The Danish version from 1982 is more washed out, but is printed on completely matte paper. So that’s a tie, I guess. I do think the new printing is perhaps a bit busier than intended. All those lines that were probably intended as barely visible skritches (compare the lines in the woodwork and the lines in Corto’s brow in the two versions), and these small lines are now solid, with even width. It looks like whoever digitised this applied a thresholding function that makes all the lines look stark. More lines mo better, perhaps, but…
Let me digress a bit about a subject that is, strictly speaking, totally irrelevant here:
These days, most reprint projects of European albums have a tendency to stick a lot of albums together into a great whopping book. European albums are mostly in the 40-60 page range, and selling anything less than 120 pages is apparently impossible these days.
But sticking separate stories together into one volume changes the way they read.
Most European albums are separate works that have a definite beginning and ending. After reading one, you feel you’ve experienced something complete. Sticking several of these works together into one volume changes that experience. When the next story starts three pages later, there’s a compulsion to continue reading, but more importantly, when you have 60 pages left in the book when you’re reading the end of a story, it doesn’t really feel like the end of a story.
It’s like if films were realeased with a two second pause between “The End” and then the next film the director did starting. American comics are often more serially oriented, and presenting collections of those works fine, as does collections of TV series. But doing the same with most European comics changes the reading experience, and not for the better.
But like I said, that rant is irrelevant here, because this book is a collection of six related stories, so just forget what I just said.

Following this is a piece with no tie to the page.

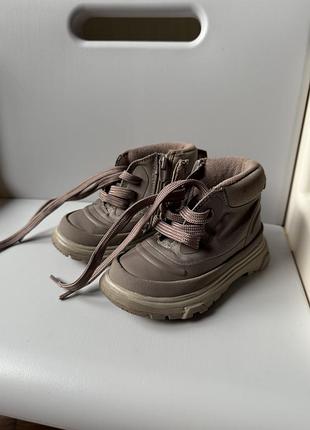 Дитячі черевики zara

As is the norm, though, this volume is over 120 pages, while the 80s edition comes in two volumes:
Oh, and there’s the cover of the second 80s volume:
Kinda purdy, that one too. I mean, not as good as the first volume, but still way better than the IDW cover.
Oh, and what’s the stories like? They’re fantastic, of course, and if you haven’t read them already, you should run out to your nearest comic book store and buy one immediately. Then rip off the cover, put it in the paper recycling, and then read the stories.